In sport, a huddle is an action of a team gathering together, usually in a tight circle, to strategize, motivate or celebrate. It is a popular strategy for keeping opponents insulated from sensitive information, and acts as a form of insulation when the level of noise in the venue is such that normal on-field communication is difficult. Commonly the leader of the huddle is the team captain and it is the captain who will try to inspire other team members to achieve success. Similarly after an event a huddle may take place to congratulate one another for the team's success, or to commiserate a defeat. The term "huddle" can be used as a verb as in "huddling up."
The huddle is commonly used in American football and Canadian football to strategize before each play; the offensive team's huddle is almost always led by the quarterback, and the defensive huddle is typically led by one of the linebackers. It is also popular in basketball, football, volleyball and cricket.
The huddle became more widely used in cricket after the India national team used it to great success during the 2003 Cricket World Cup. The England team has imitated this technique with some success, notably in the 2005 Ashes series.

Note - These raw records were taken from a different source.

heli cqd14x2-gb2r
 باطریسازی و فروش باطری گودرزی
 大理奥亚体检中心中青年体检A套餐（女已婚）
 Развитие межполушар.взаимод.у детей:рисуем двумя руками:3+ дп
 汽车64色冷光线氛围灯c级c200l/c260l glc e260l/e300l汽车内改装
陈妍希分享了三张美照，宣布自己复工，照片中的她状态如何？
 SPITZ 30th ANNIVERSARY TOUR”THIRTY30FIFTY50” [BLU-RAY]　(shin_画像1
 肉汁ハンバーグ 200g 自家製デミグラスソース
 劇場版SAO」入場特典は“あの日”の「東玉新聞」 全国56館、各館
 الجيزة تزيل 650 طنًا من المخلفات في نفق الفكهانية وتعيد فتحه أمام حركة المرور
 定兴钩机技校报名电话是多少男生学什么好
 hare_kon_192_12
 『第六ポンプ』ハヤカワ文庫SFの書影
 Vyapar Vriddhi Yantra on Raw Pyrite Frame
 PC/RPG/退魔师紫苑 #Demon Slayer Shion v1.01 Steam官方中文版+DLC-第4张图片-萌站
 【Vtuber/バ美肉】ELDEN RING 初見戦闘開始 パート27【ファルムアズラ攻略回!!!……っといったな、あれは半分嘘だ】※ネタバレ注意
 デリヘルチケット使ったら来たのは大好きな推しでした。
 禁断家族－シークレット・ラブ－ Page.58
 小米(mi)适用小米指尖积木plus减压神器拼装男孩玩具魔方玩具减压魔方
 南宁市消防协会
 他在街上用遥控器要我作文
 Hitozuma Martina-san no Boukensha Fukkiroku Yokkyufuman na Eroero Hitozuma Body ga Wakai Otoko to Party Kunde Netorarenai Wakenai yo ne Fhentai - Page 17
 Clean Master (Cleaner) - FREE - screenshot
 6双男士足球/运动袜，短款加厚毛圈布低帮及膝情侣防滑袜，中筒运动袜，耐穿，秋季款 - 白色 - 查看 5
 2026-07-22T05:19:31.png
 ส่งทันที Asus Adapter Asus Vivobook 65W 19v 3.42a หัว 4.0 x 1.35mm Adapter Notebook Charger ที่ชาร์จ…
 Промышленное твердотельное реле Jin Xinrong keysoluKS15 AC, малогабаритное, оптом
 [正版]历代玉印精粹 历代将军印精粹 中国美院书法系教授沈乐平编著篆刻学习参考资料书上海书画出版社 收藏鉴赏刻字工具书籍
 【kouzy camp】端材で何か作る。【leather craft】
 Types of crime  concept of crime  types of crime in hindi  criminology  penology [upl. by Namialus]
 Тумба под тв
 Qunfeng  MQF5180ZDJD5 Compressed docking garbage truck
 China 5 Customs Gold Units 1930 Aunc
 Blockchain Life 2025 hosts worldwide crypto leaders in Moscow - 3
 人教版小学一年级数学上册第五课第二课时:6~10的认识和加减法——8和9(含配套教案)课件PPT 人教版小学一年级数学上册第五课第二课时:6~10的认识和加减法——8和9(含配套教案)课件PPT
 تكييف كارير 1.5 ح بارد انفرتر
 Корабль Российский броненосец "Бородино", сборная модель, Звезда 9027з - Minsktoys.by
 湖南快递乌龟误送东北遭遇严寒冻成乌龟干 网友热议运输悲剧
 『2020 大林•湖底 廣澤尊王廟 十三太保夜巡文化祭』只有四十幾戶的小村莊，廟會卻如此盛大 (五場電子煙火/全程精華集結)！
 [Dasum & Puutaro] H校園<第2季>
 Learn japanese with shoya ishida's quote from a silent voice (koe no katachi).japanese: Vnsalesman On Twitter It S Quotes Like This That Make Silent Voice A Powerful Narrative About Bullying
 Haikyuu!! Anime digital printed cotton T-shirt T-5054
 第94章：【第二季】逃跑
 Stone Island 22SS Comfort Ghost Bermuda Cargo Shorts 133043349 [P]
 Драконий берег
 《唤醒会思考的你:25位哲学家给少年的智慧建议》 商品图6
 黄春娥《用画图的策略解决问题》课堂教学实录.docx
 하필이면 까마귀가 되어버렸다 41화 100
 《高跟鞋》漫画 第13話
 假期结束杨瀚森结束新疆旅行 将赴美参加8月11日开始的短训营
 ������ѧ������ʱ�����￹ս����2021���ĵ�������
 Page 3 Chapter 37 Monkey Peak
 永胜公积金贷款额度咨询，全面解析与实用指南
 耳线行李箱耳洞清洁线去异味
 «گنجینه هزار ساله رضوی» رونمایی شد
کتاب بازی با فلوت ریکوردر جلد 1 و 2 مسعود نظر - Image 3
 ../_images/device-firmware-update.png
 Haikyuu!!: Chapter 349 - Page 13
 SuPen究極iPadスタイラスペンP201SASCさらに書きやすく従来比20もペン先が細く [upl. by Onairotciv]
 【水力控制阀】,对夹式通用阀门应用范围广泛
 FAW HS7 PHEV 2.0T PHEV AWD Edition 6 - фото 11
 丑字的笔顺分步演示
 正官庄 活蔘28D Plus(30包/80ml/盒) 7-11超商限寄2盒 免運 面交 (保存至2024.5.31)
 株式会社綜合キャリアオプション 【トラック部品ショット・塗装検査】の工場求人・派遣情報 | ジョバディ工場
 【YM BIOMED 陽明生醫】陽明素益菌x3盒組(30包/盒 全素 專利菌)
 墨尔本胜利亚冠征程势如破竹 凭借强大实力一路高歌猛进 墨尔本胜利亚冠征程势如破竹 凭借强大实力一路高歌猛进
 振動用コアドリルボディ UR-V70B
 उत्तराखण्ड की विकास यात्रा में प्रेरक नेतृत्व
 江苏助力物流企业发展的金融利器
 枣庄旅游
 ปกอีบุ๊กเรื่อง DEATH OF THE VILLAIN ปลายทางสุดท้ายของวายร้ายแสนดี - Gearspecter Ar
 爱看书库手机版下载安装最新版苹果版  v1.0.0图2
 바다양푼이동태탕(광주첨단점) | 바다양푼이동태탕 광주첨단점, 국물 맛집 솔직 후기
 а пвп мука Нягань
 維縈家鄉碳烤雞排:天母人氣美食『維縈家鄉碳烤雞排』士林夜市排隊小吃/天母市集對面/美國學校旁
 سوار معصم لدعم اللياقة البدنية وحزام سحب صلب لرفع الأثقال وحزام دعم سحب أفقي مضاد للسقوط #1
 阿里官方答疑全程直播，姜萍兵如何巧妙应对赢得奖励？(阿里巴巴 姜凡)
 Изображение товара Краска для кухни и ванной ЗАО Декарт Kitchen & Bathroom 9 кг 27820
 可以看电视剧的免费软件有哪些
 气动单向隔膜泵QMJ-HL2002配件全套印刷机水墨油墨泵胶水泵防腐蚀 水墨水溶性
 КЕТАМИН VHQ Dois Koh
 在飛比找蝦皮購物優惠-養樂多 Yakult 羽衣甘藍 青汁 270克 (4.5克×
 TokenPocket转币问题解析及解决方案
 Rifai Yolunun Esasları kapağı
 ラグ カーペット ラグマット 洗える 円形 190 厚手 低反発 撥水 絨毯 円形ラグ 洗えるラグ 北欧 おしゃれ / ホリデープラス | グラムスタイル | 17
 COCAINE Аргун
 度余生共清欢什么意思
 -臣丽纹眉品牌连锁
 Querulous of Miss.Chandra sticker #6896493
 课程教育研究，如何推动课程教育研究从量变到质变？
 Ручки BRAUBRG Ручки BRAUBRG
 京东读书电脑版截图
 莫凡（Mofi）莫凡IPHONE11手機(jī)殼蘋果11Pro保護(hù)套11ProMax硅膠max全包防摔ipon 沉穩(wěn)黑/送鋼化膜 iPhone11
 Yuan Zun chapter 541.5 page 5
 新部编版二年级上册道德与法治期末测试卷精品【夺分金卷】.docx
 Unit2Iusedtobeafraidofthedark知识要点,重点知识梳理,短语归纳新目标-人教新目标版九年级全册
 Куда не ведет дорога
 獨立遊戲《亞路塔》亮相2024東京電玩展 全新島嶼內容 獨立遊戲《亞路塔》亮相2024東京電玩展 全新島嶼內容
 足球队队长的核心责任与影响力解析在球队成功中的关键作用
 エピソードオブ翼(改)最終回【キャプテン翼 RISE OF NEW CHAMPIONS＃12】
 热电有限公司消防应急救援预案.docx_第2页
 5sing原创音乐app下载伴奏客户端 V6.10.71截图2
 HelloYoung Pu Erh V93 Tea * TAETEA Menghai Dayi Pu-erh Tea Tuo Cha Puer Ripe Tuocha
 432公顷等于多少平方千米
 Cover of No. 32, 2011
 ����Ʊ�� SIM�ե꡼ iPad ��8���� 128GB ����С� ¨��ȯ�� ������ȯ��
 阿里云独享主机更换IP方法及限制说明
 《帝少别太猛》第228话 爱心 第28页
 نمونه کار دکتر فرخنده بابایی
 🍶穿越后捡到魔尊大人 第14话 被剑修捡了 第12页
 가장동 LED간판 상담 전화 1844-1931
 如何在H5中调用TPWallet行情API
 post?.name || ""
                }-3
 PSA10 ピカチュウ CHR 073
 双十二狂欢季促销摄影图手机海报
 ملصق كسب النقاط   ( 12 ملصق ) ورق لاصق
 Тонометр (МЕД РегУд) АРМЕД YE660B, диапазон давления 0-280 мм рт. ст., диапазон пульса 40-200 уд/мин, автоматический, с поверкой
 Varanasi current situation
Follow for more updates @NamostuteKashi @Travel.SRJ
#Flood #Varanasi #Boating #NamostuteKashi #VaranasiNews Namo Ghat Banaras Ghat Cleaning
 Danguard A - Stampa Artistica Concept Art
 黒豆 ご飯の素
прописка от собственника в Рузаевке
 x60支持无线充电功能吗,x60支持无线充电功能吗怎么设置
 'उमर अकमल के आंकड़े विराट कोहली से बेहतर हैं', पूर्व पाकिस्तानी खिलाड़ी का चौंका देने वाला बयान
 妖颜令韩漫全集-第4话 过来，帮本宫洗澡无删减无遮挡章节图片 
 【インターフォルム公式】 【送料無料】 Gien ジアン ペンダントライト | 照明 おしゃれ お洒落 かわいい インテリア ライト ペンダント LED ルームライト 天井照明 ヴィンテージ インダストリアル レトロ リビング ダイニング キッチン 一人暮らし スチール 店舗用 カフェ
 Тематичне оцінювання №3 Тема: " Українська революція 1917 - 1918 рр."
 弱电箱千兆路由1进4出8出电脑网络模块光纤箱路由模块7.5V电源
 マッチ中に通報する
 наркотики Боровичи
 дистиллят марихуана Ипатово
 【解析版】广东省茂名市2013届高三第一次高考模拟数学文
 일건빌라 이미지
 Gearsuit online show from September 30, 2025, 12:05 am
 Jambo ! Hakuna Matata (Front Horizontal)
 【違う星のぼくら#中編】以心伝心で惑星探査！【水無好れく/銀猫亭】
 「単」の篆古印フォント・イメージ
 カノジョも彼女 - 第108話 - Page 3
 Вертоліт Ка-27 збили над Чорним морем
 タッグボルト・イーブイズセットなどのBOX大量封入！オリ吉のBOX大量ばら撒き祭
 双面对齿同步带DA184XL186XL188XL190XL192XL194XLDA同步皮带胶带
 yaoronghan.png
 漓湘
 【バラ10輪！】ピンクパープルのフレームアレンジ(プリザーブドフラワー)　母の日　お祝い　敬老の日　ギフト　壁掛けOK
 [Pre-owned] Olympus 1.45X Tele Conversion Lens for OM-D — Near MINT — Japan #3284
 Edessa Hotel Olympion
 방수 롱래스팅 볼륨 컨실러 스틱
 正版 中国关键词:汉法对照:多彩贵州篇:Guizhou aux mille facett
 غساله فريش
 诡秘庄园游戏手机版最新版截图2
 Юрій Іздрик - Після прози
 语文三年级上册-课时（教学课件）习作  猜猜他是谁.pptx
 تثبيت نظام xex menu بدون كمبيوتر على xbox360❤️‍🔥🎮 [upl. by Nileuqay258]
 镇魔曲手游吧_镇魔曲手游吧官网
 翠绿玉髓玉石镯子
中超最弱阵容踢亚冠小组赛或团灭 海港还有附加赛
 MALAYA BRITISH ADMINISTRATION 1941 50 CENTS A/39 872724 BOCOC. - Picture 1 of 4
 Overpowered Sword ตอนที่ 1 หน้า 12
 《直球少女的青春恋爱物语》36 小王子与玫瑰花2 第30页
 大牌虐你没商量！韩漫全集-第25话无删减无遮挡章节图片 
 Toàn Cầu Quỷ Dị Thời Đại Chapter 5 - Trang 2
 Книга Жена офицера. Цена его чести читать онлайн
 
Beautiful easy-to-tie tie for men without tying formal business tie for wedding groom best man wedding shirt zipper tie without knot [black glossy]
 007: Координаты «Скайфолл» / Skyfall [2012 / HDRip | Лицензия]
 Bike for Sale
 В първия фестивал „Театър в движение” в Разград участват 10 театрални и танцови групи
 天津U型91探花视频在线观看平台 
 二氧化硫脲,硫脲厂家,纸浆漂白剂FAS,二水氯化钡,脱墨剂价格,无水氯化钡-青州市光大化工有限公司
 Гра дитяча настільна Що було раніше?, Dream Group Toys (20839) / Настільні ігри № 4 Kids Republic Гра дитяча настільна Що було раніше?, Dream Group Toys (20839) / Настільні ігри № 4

Gallaudet University is Home of the Huddle. The first football huddle began in 1894. Gallaudet quarterback Paul Hubbard is credited with creating the football huddle during that season when Gallaudet went up against two different deaf schools. GU went 5-2-1 in 1894 and defeated the Pennsylvania Deaf School, 24-0, and the New York Deaf School, 20-6. Hubbard was worried that the other teams were stealing Gallaudet's plays because his signing was out in the open. He decided to circle up his teammates and the huddle was born. 
This type of huddle is still in common use today, typically between plays in American Football as the quarterback assigns the next play to the offense.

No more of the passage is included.